The latest entry in PBS's "hands-on history" series, Colonial House, lacks the entertaining verve of its two best predecessors, Frontier House and Manor House. At eight hours - four hours this coming week, four hours the following week - it's a lugubrious affair with few compelling characters for the audience to invest in. Who's to blame? Mostly it's just due to happenstance.

Too many characters are constantly entering and exiting the series, making it difficult to latch onto any of them. That's often due to circumstances beyond producers' control. Development of the characters who remain is within their grasp, and a few do bob to the surface, but mostly Colonial House - which airs from 8 to 10 p.m. Monday, Tuesday, and May 24 and 25 on PBS Channels 30 and 27 - is an inert series with a slow pulse.

This time, the setting is the Maine coast in 1628, as a group of colonizing pilgrims attempt to make a go of it in the New World. Colonial House was filmed over a five-month period last year and features 26 people - mostly Americans with a few Brits sprinkled in - residing in a 17th-century environment.

Jeff Wyers, a Southern Baptist minister, is assigned the role of governor of the colony. Don Heinz, an academic and Lutheran pastor, takes the part of lay preacher. Assorted players are assigned the roles of servants and freemen. Wives accompany their husbands but grow frustrated with their second-class-citizen roles.

Where Frontier House was a soap opera and Manor House a study in class stratification, Colonial House is more episodic with too many outside-world influences. (Two different groups of American Indians drop in, a treasurer for the English company that sent the colonists arrives, various settlers come and go.) The 21st century also intrudes frequently. The Wyers family departs early in the project after a daughter's fiancee dies in an auto accident back home.

Jonathon Allen, who plays a servant, announces his homosexuality to his fellow colonists during a church service.

At a January PBS press conference in Hollywood, Allen said deciding to tell the other participants he is gay was a difficult decision.

"It was really tough to reconcile that I was trying to replicate an era which would not accept me, that does not condone that," Allen said. "It weighed on me incredibly. I'm not sure if it was the right thing to do, because they didn't do this back then, but everyone was talking about love and how much they miss the people back home and I didn't want to be a liar, so I decided to be honest.
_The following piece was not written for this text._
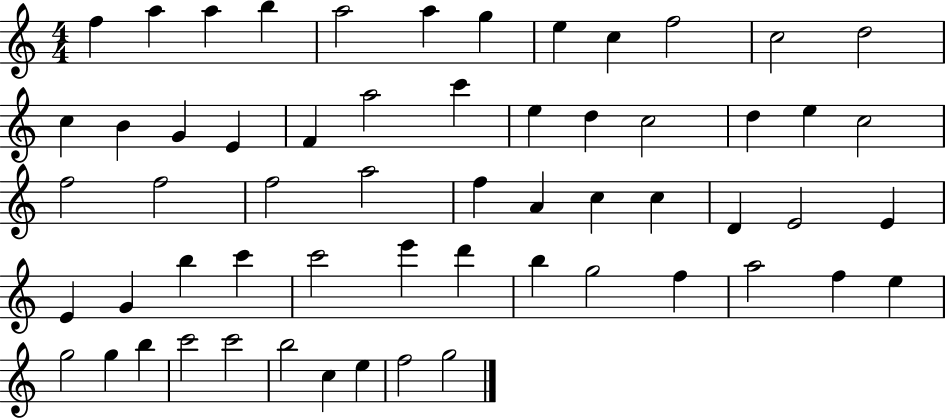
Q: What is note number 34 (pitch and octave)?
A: D4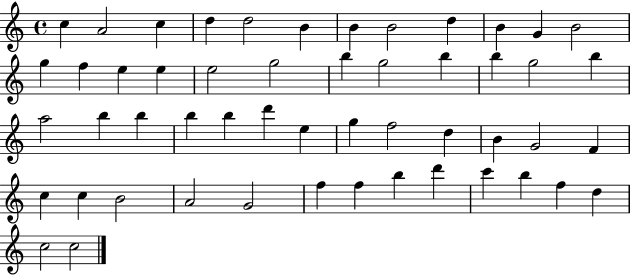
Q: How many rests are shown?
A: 0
Sometimes it came back to bite me in the [rear end]. Some people didn't appreciate that, but sometimes you get that in real life, too."

Colonial House attempts to replicate the era as

faithfully as possible, complete with scarlet letters pinned on chests for assorted sins (profanity, blasphemy, lack of modesty, etc.), but those who refuse to attend church services are not put into stocks as they would have been. And Allen survived the experience despite being gay.
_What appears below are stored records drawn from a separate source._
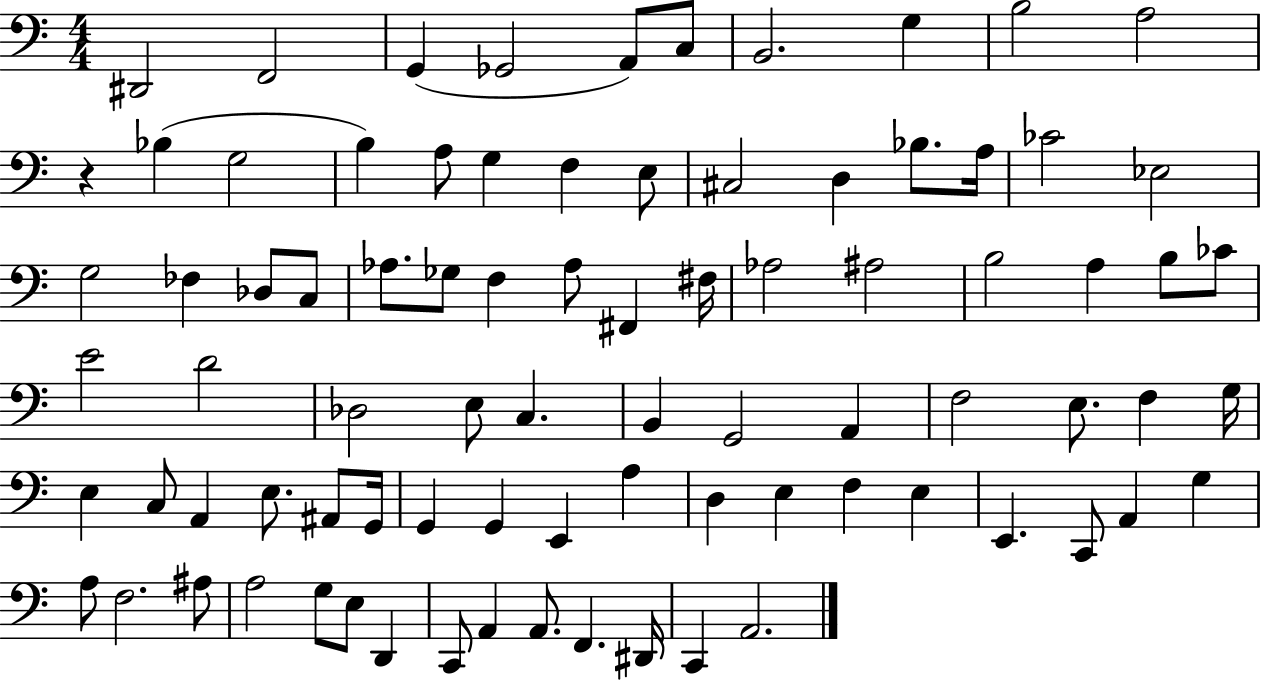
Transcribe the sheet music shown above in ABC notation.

X:1
T:Untitled
M:4/4
L:1/4
K:C
^D,,2 F,,2 G,, _G,,2 A,,/2 C,/2 B,,2 G, B,2 A,2 z _B, G,2 B, A,/2 G, F, E,/2 ^C,2 D, _B,/2 A,/4 _C2 _E,2 G,2 _F, _D,/2 C,/2 _A,/2 _G,/2 F, _A,/2 ^F,, ^F,/4 _A,2 ^A,2 B,2 A, B,/2 _C/2 E2 D2 _D,2 E,/2 C, B,, G,,2 A,, F,2 E,/2 F, G,/4 E, C,/2 A,, E,/2 ^A,,/2 G,,/4 G,, G,, E,, A, D, E, F, E, E,, C,,/2 A,, G, A,/2 F,2 ^A,/2 A,2 G,/2 E,/2 D,, C,,/2 A,, A,,/2 F,, ^D,,/4 C,, A,,2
"It was really not discussed or punished," said series producer Sallie Clement of homosexuality in 1628. "If you were [discovered caught in the act] it was death. But there were cases - if you were a particularly valuable member of the labor force - they could be punished another way. Death wasn't very beneficial to a small community."

It is somewhat interesting to see how some of the participants react when stripped of their 21st-century freedoms. "Everyone had very challenging roles that they weren't accustomed to in the 21st-century lives," said Julia Friese, who played a servant. "Being a very headstrong 21st-century liberal female, I found it quite difficult to become subservient and to have to keep my mouth shut."

But you expect that reaction. The class warfare in Manor House was more stark and the disintegration of one family in Frontier House was far more visceral than the small squabbles in Colonial House.

Additionally, I still think PBS programmers err when squashing these miniseries into eight hours over two weeks. These living-history programs would be far more palatable scheduled one hour a week for eight weeks.

Scrunched into such a tight air pattern makes for a fairly exhausting viewing experience.

Executive producer Beth Hoppe said Colonial House was the most ambitious "hands-on history" project to date (the British import Regency House premieres this fall; another American version is in the works, but details have not been announced). It features more participants and goes further back in time.

But I don't think the time period is what makes Colonial House disappointing; rather, it has too unwieldy a cast that, unfortunately, didn't prove as colorful as some of their predecessors on previous PBS educational reality shows.

The Block News Alliance consists of The Blade and the Pittsburgh Post-Gazette. Rob Owen is the TV editor for the Post-Gazette.